Sonoma County, our protected bubble of comfort and safety, immune to real-world nastiness because, well, that's how we want it. We work hard for our cocoon.

Which is why this column will make people uneasy, why they won't like it and why they wish I had never written it.

'If those people (pimps, prostitutes) live anywhere,' said swimmer Marty Sullivan of Penngrove, 'they must live in the Tenderloin, right?'

Sullivan works in San Francisco for a legal publishing company that has a philanthropic conscience, educating its employees to human trafficking. 'It's such a horrible crime it could never happen here, right?'

The insulation is somewhat logical in its origin. I don't know pimps or prostitutes. I don't know any girls or teens trafficked for sex, forced labor or indentured servitude. So if I don't see it, if I don't go to lunch or have a beer with those people, it must not exist. It's what we don't want to see that disturbs. So we don't see it unless it gets in our faces. Even Katie Sanchez has to work at it.

'I have to keep putting it in front of me, that it's here in Sonoma County, and I have to keep on doing it, over and over, to keep it real,' she said.

Sanchez is on the board of directors for Verity, a Sonoma County rape, trauma and healing center for sexual assault victims. A woman who has made it her job to create awareness and support for sexual crimes still has to remind herself these crimes know no borders, that there is no such thing as a protected bubble.

'It's hard to see prostitutes as victims,' said swimmer Karen O'Brien of Petaluma, who coached high school swimming at Casa Grande, St.

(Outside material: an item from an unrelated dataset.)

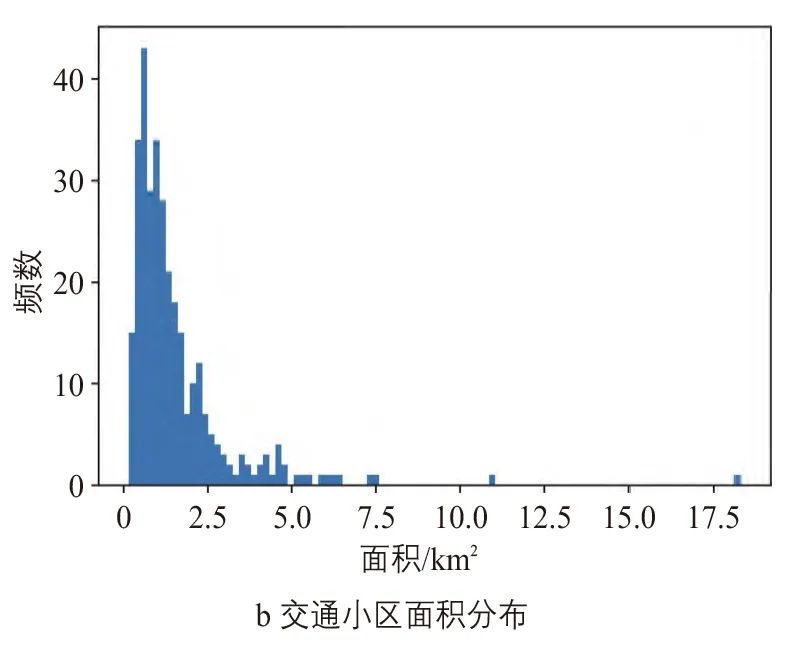 洪智勇∣基于复杂网络的公共汽车线网拓扑模型 洪智勇∣基于复杂网络的公共汽车线网拓扑模型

Vincent, Petaluma and Cardinal Newman. 'It's easy to believe it's a choice they make when it isn't.'

Gosh, I could go to law school — since I have such great self-esteem and freedom of movement and a terrific family background — but I think I'll become a hooker instead.

Yes, those are raw, unflinching, disturbing words. But it is precisely that kind of language that will wake up Sonoma County. Sonoma County doesn't ignore crisis. Sonoma County responds to the human condition.

'There are a thousand nonprofits in the county,' Sanchez said. A thousand non-profits charged with a duty to alleviate suffering.

When we see the face of a cancer survivor, when we hear the slurred speech of a stroke victim, when we track the long scar of abdominal surgery, the urge of involvement is immediate. We can feel it to our marrow.

Human trafficking, in comparison, is invisible. Until Sonoma County makes it otherwise. We have been very good at being aggressive in that area.

'As a kid I grew up on the Peninsula,' O'Brien said. 'Sonoma County reminds me of what the Peninsula used to be but no longer is. The people who live here work here and care about the place.'

Sonoma County is indeed a neighborhood, Petaluma potholes and all. The world is out there all right but it's in here as well. There are no borders to protect us, only our duty to do the right thing. Like Alex Tapia has decided to do.

With a year on the job, Tapia guesses he had at least two prostitutes a week pass in front of the front desk at the Motel 6. He said, 'That doesn't count the johns or the pimps or a woman who gets a room for others.'

Having enough experience to tell the difference between those who will stay the night and those who won't, Tapia has created a gesture that lets them know he knows. It's directed to the men who ask for a room.

Tapia extends his right index finger and his right thumb in front of his eyes, dips he two digits slightly to his face and then points to the man.

I have marked you. I know why you are here. You are not invisible to me and neither are your women.

Consider it a step, however modest, for Sonoma County standing up for itself. Not in my neighborhood, says the gesture.